[目的]语音增强可用于提升现实噪声环境下语音翻译系统的性能.针对现有基于概率扩散模型的语音增强方法存在生成语音结构被破坏、难以对全局特征建模的问题进行研究.[方法]本文提出基于时频信息梯度估计的单通道语音增强方法.首先将语音复数谱送入编码器中提取深层表征,并提出将残差快速傅里叶卷积(residual fast fourier convolution,Res-FFC)用于修复生成语音并对语音全局特征进行建模,同时在编解码的过程中融入语音时域信息.[结果]在公开数据集Voice Bank-DEMAND上的实验结果表明,相比基于分数生成模型的复数时频域语音增强网络(SGMSE),本文所提方法在客观评价指标SI-SDR和WB-PESQ分别提高0.5和0.19.[结论]本文提出的语音增强方法通过融入Res-FFC和语音时域信息,提升了模型对语音全局特征的捕捉能力,可有效抑制噪声,提升语音质量.

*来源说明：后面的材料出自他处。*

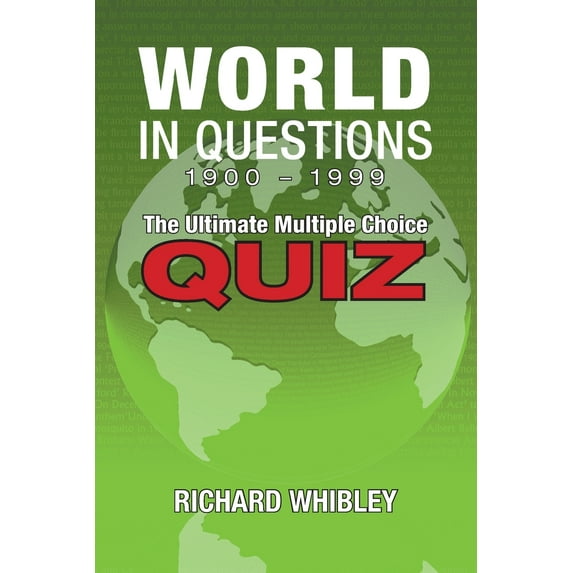 World in questions 1900 - 1999: the ultimate multiple choice quiz (Paperback)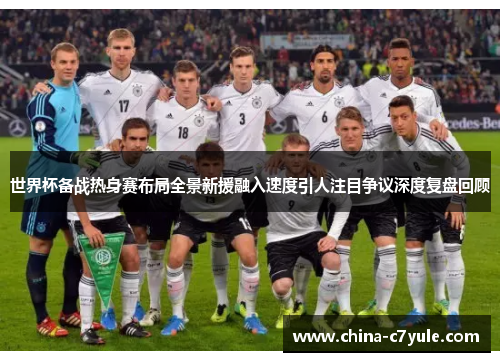 世界杯备战热身赛布局全景新援融入速度引人注目争议深度复盘回顾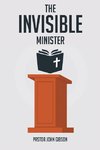 The Invisible Minister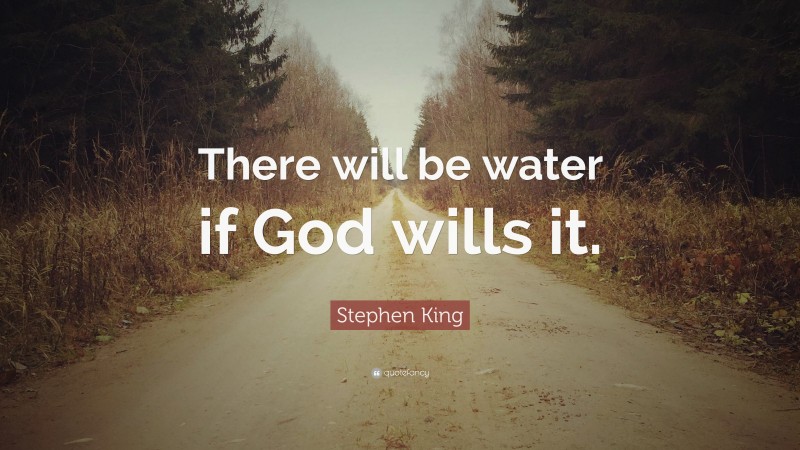 Stephen King Quote: “There will be water if God wills it.”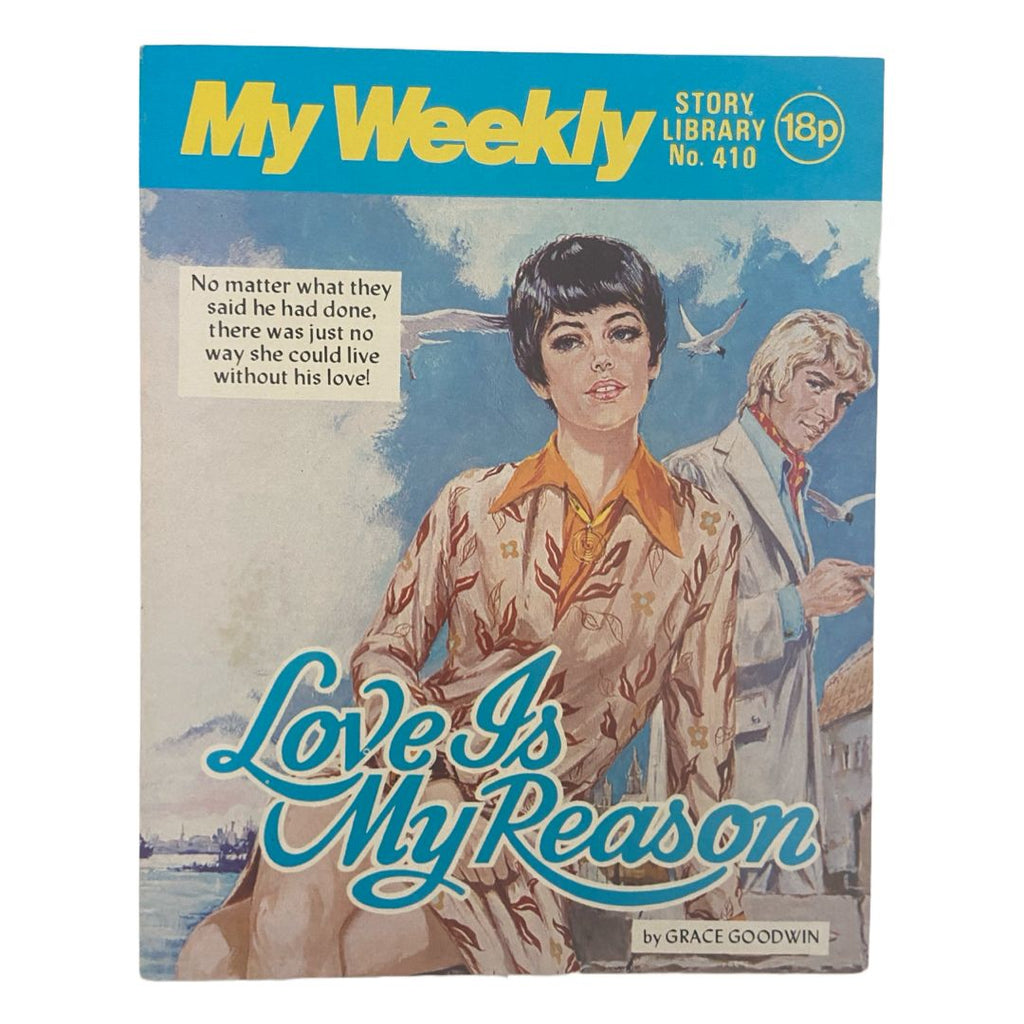 My Weekly : Love Is My Reason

Single-channel speech enhancement method based on time-frequency information gradient estimation
[Objective]Speech enhancement can be used to improve the performance of speech translation systems in real-world noisy environments.Herein our research is conducted to address issues of existing speech enhancement methods based on probabilistic diffusion models,such as the disruption of generated speech structure and the difficulty in modeling global features.[Methods]In this paper,we propose a single-channel speech enhancement method based on time-frequency information gradient estimation.Initially,the speech complex spectrum is fed into an encoder to extract deep representations.It introduces the usage of residual fast Fourier convolution(Res-FFC)to restore generated speech and model global speech features,while incorporating speech temporal information in the encoding and decoding process.[Results]Experimental results on the public dataset Voice Bank-DEMAND demonstrate that,compared to the complex time-frequency domain speech enhancement network based on fraction generating models(SGMSE),the proposed method improves the objective evaluation metrics SI-SDR and WB-PESQ by 0.5 and 0.19,respectively.[Conclusions]The proposed speech-enhancement method enhances the ability of the model to capture global speech features by incorporating Res-FFC and temporal information of the speech,effectively suppressing noises and improving the speech quality.